Big-budget flops are par of the course of any cinematic season, but Sahara feels like something of a watershed moment; it might have been the franchise opener for a series of blockbusters featuring Clive Cussler’s character Dirk Pitt, played here with swashbuckling elan by Matthew McConaughey. But Breck Eisner’s film didn’t float many boats in 2015, which is a pity because it’s a fun is preposterous yarn. Presumably the books have less of the cheesy plotting here; watching Pitt rescue a damsel in distress via the World Health Organisation’s Penelope Cruz, then spar with William H Macy over rescuing Africa from toxic waster spill, there’s a sense of white-saviour overdrive that never takes a break. But Sahara’s big action set pieces, great locations, rousing score and general old-school professionalism make it a nice alternative to the computer-generated murk that followed. If it’s the comedy relief that drags it down (Steve Zahn), Sahara has weathered the years far better than much of 2005 other offerings (Stealth, V for Vendetta, XXX State of the Union, Aeon Flux)
Ruben Fleischer’s comic-book thriller didn’t thrill critics, but audiences didn’t seem to care; the package was right for Venom, even if the film falls somewhat short.
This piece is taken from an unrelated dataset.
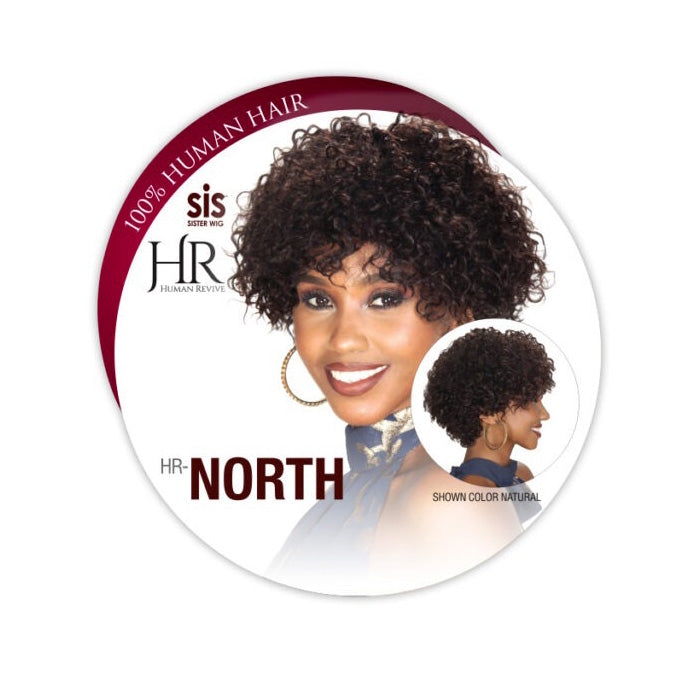 Zury Sis Human Hair Revive Wig - HR NORTH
Tom Hardy is an ideal lead; often disguised in pivotal supporting roles, he’s an actor who hasn’t yet been fully exposed to the public, and has a certain mystique. That mystique vanishes quickly in venom, where he’s required to play an ordinary Joe called Eddie Brock, then forces him to mug like jerry Lewis once he shares his body with a alien creature. Venom takes almost an hour to get into gear, and the long slow burn does have some interest. Once the title character appears, Hardy steps out of the limelight to allow the CGI to perform, and Fleischer’s film is a straight-up superhero product. It’s never a good sign when the trailer shows the film’s final scene in detail; wasting talent like Jenny Slate and Michelle Williams, Venom is a silly, childish film that’s kind of endearing for it’s daftness. While not a good film, it’s easy to see why popcorn-fanatics would still dig this kind of nonsense.
Leigh Whannell’s work on the Saw and Insidious franchise gave him a cult appeal; with Upgrade, he proved that he can mix it with the big boys, making over $50 million Stateside on a tiny budget. Logan Marshall-Green stars as Grey Trace, who is involved in an accident with a driverless car and gets an upgrade on his body; Eron Keen (Harrison Gilbertson), an eccentric tech-billionaire, persuades Grey to test out an innovative augmented body which gives him incredible strength, and sets him on a path to revenge those who he believes caused the accident. The nature of the Upgrade of the title is fun to watch, as Grey nimbly skips from his wheelchair to literally rip thugs apart; it’s a vigilante fantasy, but it’s done with wit and verve, and the twists and turns are fun to follow. Whannell has been one to watch for a while; Upgrade in a hard-core proof of concept that indicates he’s an A-List film-maker from now on.